*** Block opens ***

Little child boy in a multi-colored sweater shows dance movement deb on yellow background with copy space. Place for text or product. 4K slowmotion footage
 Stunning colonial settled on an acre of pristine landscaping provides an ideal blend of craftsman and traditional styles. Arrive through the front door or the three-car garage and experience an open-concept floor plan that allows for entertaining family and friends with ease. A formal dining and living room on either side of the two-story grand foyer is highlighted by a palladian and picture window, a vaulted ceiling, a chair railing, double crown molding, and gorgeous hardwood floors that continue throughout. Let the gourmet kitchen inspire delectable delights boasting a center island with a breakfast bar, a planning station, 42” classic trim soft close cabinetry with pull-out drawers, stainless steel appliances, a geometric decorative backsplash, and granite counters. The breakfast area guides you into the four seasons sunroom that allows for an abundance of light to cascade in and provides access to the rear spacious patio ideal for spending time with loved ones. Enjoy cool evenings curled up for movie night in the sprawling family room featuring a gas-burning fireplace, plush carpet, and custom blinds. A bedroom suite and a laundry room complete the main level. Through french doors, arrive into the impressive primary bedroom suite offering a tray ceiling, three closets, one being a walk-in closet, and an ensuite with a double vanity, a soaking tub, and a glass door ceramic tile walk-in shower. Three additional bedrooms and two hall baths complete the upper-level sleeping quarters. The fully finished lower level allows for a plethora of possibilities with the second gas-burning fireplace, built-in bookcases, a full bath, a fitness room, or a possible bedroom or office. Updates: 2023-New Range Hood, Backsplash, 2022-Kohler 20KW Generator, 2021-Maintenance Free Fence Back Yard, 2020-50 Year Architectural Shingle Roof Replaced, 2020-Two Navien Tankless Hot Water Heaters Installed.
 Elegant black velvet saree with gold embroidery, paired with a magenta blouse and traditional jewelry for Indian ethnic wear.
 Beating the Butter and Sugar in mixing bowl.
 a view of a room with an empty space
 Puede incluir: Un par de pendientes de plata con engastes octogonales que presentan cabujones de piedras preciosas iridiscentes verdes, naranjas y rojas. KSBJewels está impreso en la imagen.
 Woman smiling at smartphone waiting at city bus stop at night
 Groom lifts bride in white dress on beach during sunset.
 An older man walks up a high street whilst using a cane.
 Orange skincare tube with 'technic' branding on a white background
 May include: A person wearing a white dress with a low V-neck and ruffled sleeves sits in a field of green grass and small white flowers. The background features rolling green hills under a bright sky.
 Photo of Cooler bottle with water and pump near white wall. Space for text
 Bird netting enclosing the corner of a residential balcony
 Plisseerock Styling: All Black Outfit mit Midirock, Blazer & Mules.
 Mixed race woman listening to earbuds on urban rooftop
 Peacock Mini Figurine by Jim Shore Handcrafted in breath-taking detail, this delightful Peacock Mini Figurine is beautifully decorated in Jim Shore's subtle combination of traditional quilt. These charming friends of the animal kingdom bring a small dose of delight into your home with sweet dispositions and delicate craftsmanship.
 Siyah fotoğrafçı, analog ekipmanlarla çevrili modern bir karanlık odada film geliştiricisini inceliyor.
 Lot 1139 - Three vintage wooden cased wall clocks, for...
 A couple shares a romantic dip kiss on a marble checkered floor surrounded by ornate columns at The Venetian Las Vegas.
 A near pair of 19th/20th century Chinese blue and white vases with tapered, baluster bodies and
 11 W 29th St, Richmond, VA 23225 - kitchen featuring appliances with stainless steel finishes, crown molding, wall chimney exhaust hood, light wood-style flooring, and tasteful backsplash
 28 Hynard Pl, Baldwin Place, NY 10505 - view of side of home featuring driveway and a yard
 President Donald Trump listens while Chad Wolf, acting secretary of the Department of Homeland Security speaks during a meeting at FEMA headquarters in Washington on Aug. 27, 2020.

*** Block closes ***

**Problem to work on**
Every line from the one containing "11 W 29th St, Richmond, VA" through the end of the entries above must be echoed exactly, with both ends kept.

**Exercise result**
 11 W 29th St, Richmond, VA 23225 - kitchen featuring appliances with stainless steel finishes, crown molding, wall chimney exhaust hood, light wood-style flooring, and tasteful backsplash
 28 Hynard Pl, Baldwin Place, NY 10505 - view of side of home featuring driveway and a yard
 President Donald Trump listens while Chad Wolf, acting secretary of the Department of Homeland Security speaks during a meeting at FEMA headquarters in Washington on Aug. 27, 2020.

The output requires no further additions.